Yanagita went on a trip to Kyushu and Shikoku in 1908, during which he was moved by
the coexistence of old Japanese customs with the ways of Tokyo-centered modern civilized
society. In the same year, he went to the village of Shiiba in Miyazaki Prefecture. Building
on his interviews with the village head, Yanagita later gave accounts of life in a mountain
community in his book Nochino Karikotoba no Ki (1909) – an ethnography containing a detailed
list of words used by local hunters. This was probably the first book of Japanese folklore
studies in Japan.
Japan at that time was in a rapid process of Westernization. Yet, traditional lifestyles,
customs and traditions handed down from ancient times were still thriving in the rural
regions. Through firsthand experience on his trips to these regions, Yanagita saw this
phenomenon as an exceptionally Japanese aspect that differed from the situation in Britain
or France, where traditional culture had been transformed by modern civilization. He began
to advocate a field of study that respected such distinctive characteristics.
He published his famous Tōno Monogatari (translated into English as The Legends of Tono) in
1910, which was much more than a collection of curious stories of ghosts and spirits in one
locality. His message to urbanites was that Japan’s traditional culture was still alive and
well in rural areas and the Japanese should realize the value of their own culture that this
embodied. This message was the concrete expression of Nitobe’s concept of jigatagaku
focusing on regional and Japanese distinctiveness.

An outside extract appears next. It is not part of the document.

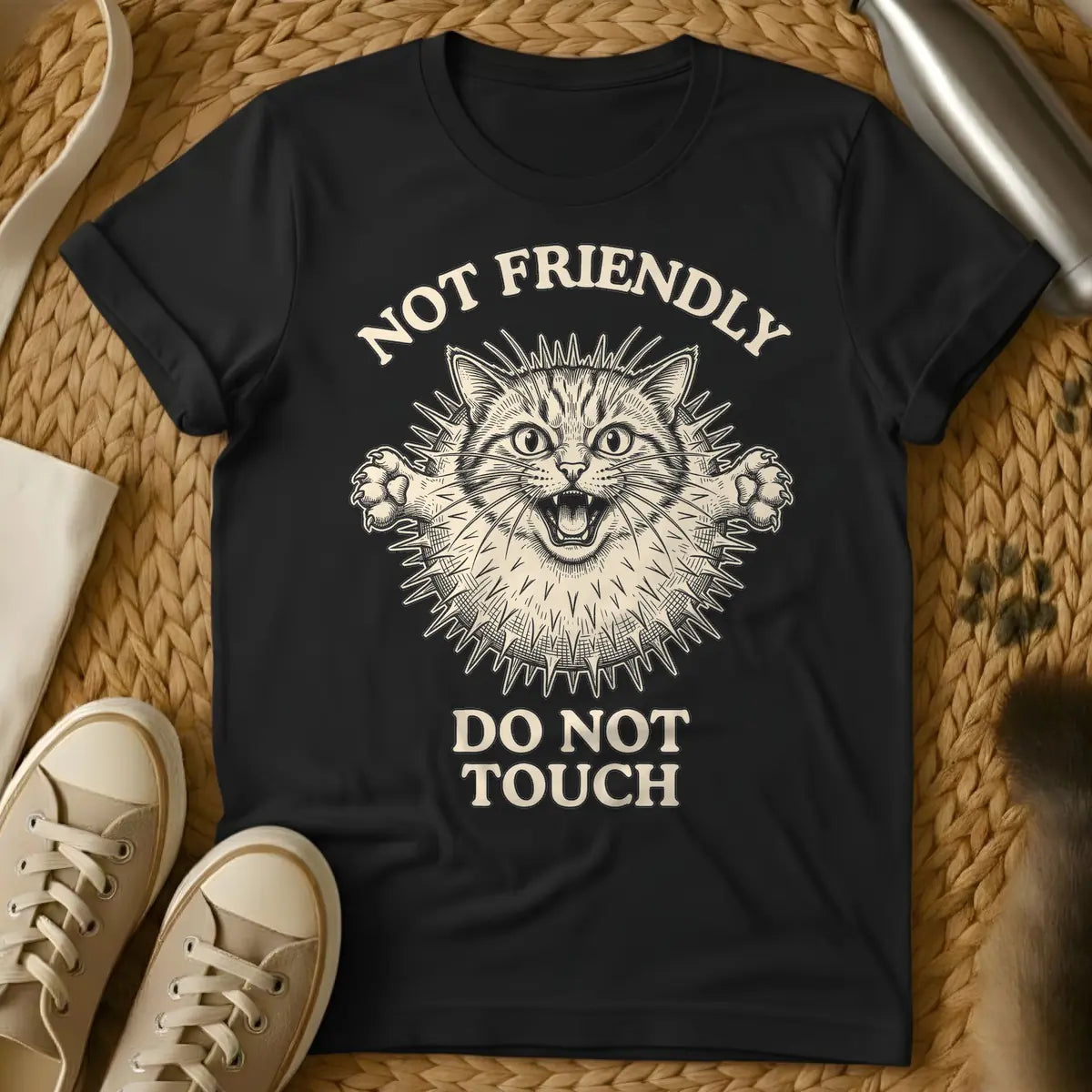 Black - Black and white illustration of an angry cat with a spiky pufferfish body, baring fangs and extending claws. Above the cat, text reads 'NOT FRIENDLY', and below, 'DO NOT TOUCH'.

From Local Studies to Folklore Studies


Yanagita’s encounter with Nitobe, particularly through their subsequent involvement with
the Kyōdokai (Homeland Society), an association for the study of Japanese folkways, was a
key factor in the shift in his thinking from 1907. Although this group was non-academic and
consisted mostly of bureaucrats, Nitobe managed to propagate Heimatkunde (Satani 2015: 66-
242 Makoto Oguma

68). While involved with the Kyōdokai, Yanagita launched the journal Kyōdo Kenkyū (Local
Studies) in 1913 with mythologist Toshio Takagi. Takagi wrote in the inaugural issue that the
journal’s goal was to study all aspects of the lives of the local people in the Japanese nation-
state (Takagi 1913: 2), which included both tangible and intangible aspects, past and
present. Yanagita sustained this basic thinking when he established Japanese folklore
studies as a discipline in the 1930s. He insisted that Japanese folklore studies must not be
focused solely on oral tradition and must study all forms of folk culture. He thus laid down a
distinctively Japanese approach to folklore studies.
Kyōdo Kenkyū represented three changes in Yanagita as a scholar. First, while starting as a
researcher of agricultural administration under Nitobe’s influence, he had moved toward the
direction of a new field of inquiry, local studies. Second, Kyōdo Kenkyū accepted contributions
from writers regardless of their position or occupation. Yanagita avoided the paradigm of the
writer at the center writing about people in the periphery. He did not want this new field of
study to be dominated by authoritative professors; he wanted society to benefit from the
fruits of research and envisioned an organization for this purpose. This later took the form of
the concept of no no gakumon (discipline of the folk by the folk), which was crucial in
determining the basic direction of Japanese folklore studies. Third, the articles Yanagita
himself contributed were no longer concerned with social science issues such as agricultural
administration. His writings were in the spirit of local studies, in which researchers studied
their own localities. They were about folk beliefs and folklore in Japan. This was due to
Yanagita’s personal interest in Japanese culture, which eventually came to define the basic
orientation of Japanese folklore studies.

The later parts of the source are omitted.